• _DIRECTIONS FOR THIS TASK_:
For any picture in the lines below, please leave it out and copy the rest exactly.

• _RAW DATA_:
:::

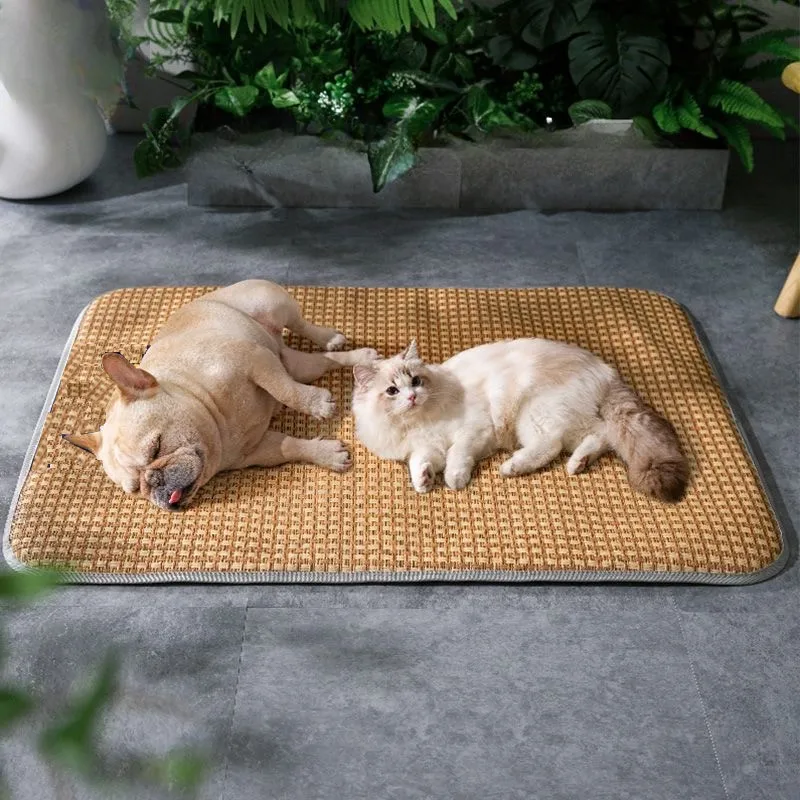 Cooling Dog Mat Bamboo Sleeping Mat Pet Nest Bed Rattan Summer Pet Dog Cooling Mat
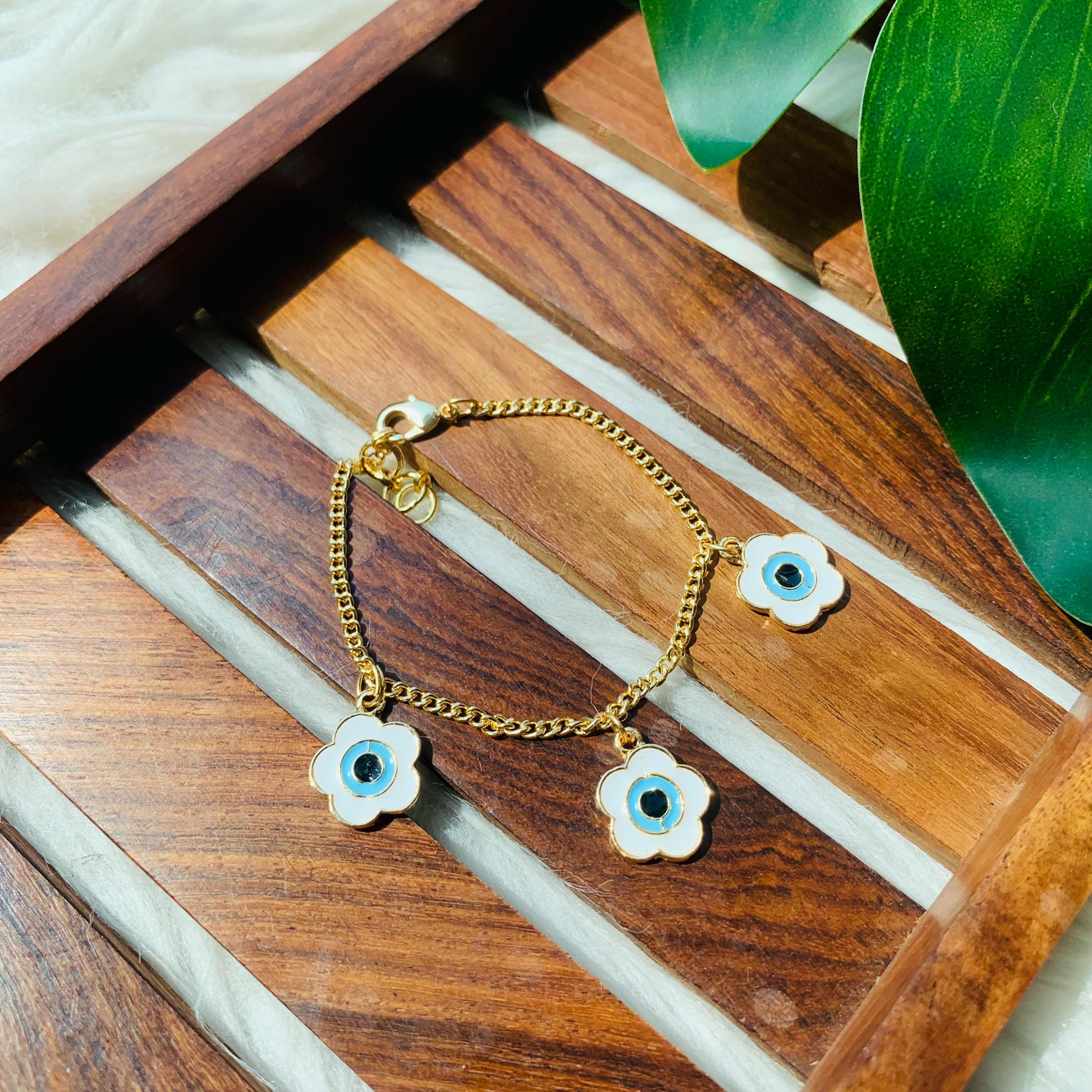 Evil Eye Triple Flower Charm Bracelet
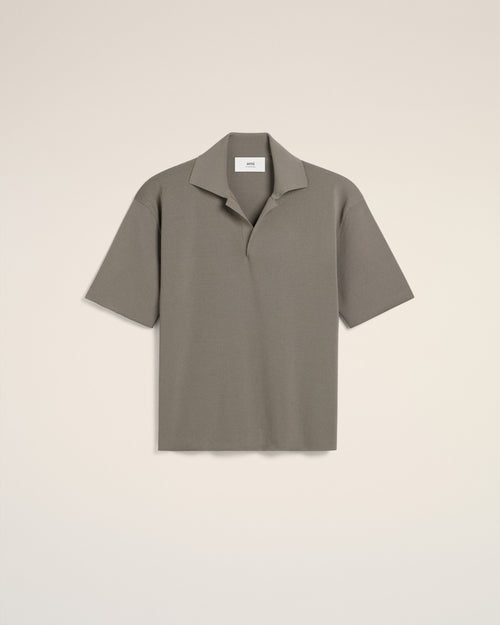 Polo Taupe Manches Courtes - GRIS FUME - Ami Paris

:::

• _RESULT_:
 Cooling Dog Mat Bamboo Sleeping Mat Pet Nest Bed Rattan Summer Pet Dog Cooling Mat
 Evil Eye Triple Flower Charm Bracelet
 Polo Taupe Manches Courtes - GRIS FUME - Ami Paris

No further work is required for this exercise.